Exercise directions =
An exact transcript is required of the lines below, from the one containing "Now at the deeper" through the very last; leave every picture out of it.

Saved data entries
- - - -

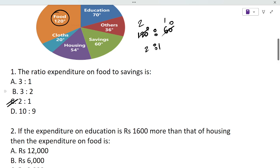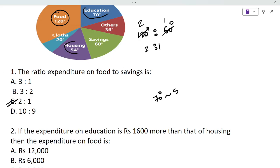Next: if the expenditure on education is 1600 more than that of housing, find the expenditure on food. Education is 70 degrees and housing is 54 degrees. Finding the difference we get 16 degrees. So education is 16 degrees more than housing. As per the question, education leads by 1600.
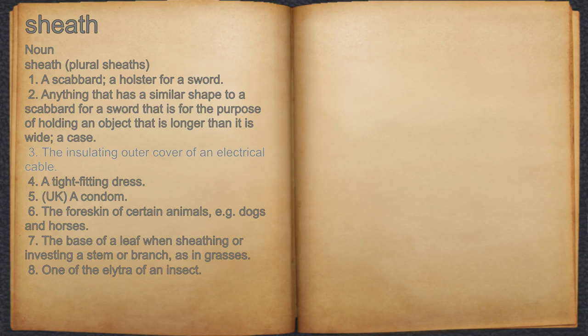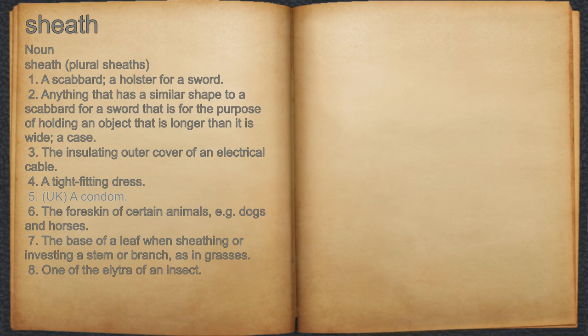3. The insulating outer cover of an electrical cable. 4. A tight fitting dress. 5. UK, a condom.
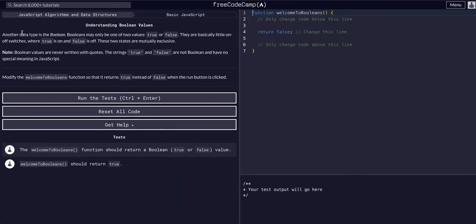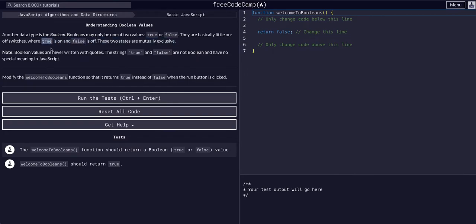So another data type is boolean. Booleans may only be one of two values: true or false. They are basically little on-off switches. When true is on, false is off. The two states are mutually exclusive, so it can only be one of these two values at a time.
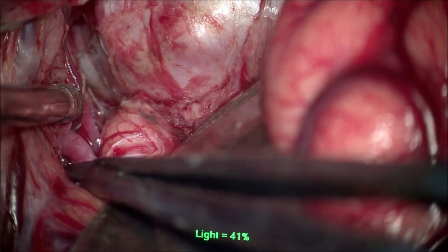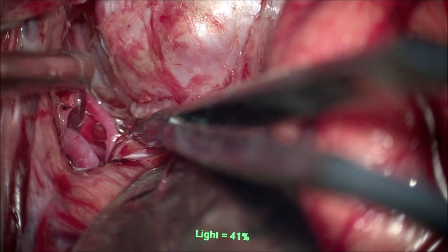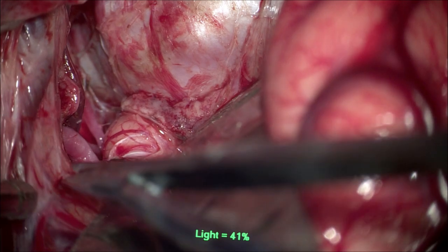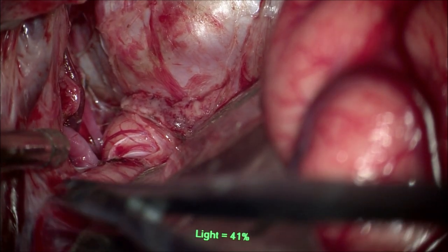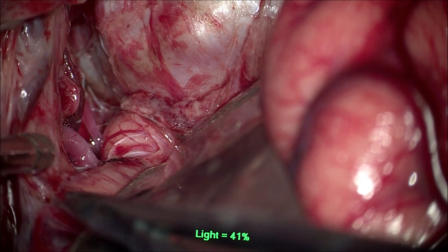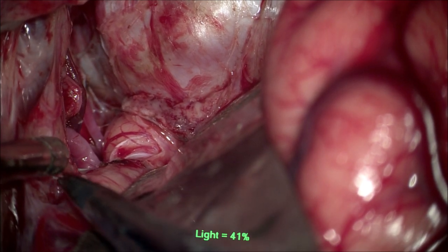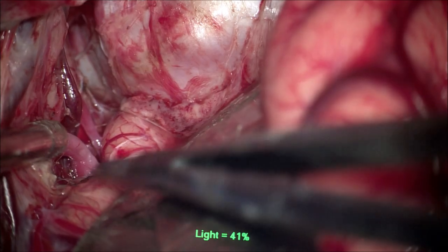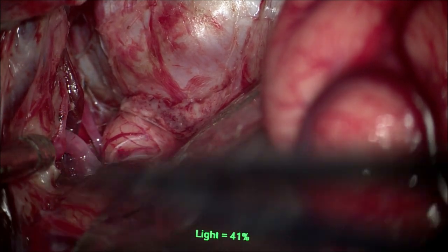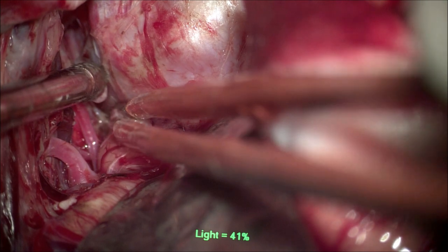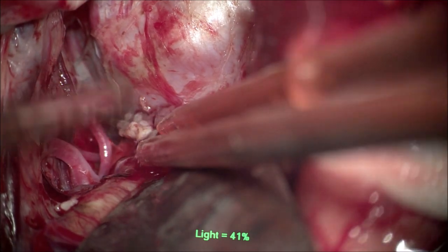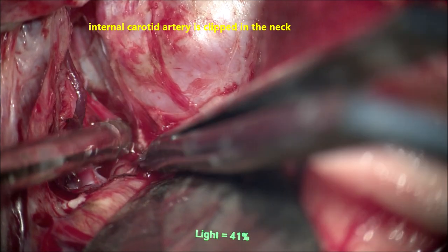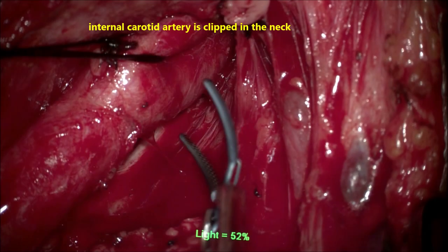Now at the deeper and medial part of the sylvian fissure, the internal carotid artery is seen on the surface of the dome of the aneurysm medially, but the rest of the branches are not yet seen. Opening the fissure wide helps reduce retraction of the frontal and temporal lobes, which is of great importance here because the brain is already tight and swollen — likely due to ischemia produced by the giant aneurysm with multiple thrombus.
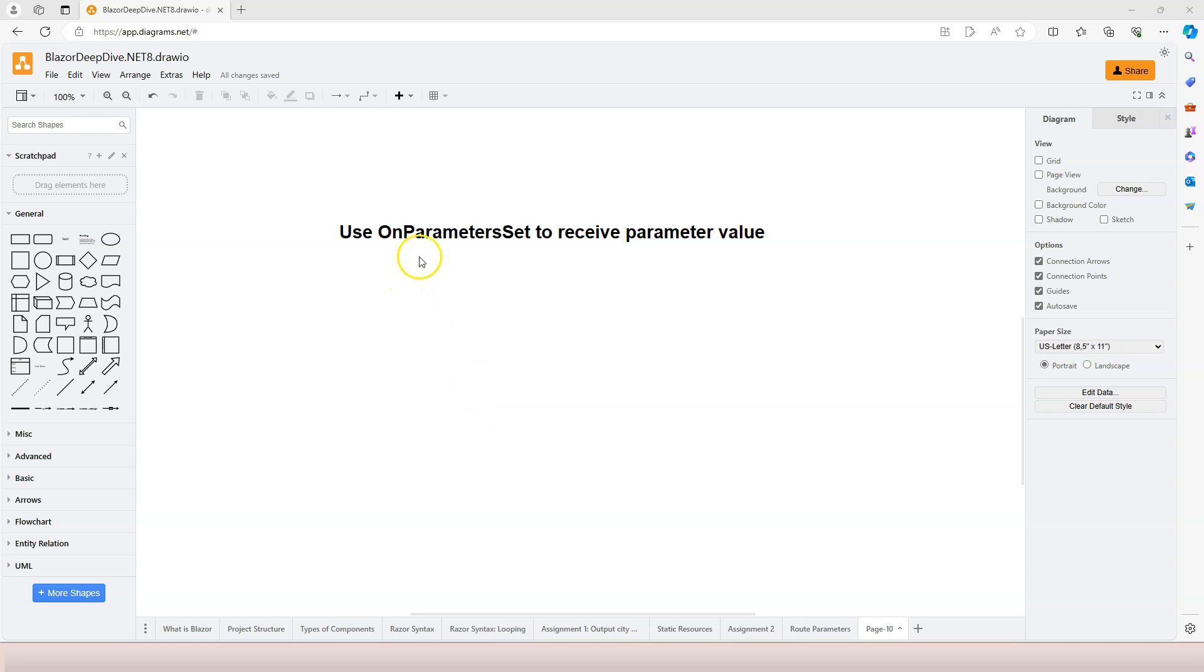In this video, we're going to learn to use onParameterSetLifeCycleEvent to receive parameter values.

- - - -

Exercise result =
Now at the deeper and medial part of the sylvian fissure, the internal carotid artery is seen on the surface of the dome of the aneurysm medially, but the rest of the branches are not yet seen. Opening the fissure wide helps reduce retraction of the frontal and temporal lobes, which is of great importance here because the brain is already tight and swollen — likely due to ischemia produced by the giant aneurysm with multiple thrombus.
In this video, we're going to learn to use onParameterSetLifeCycleEvent to receive parameter values.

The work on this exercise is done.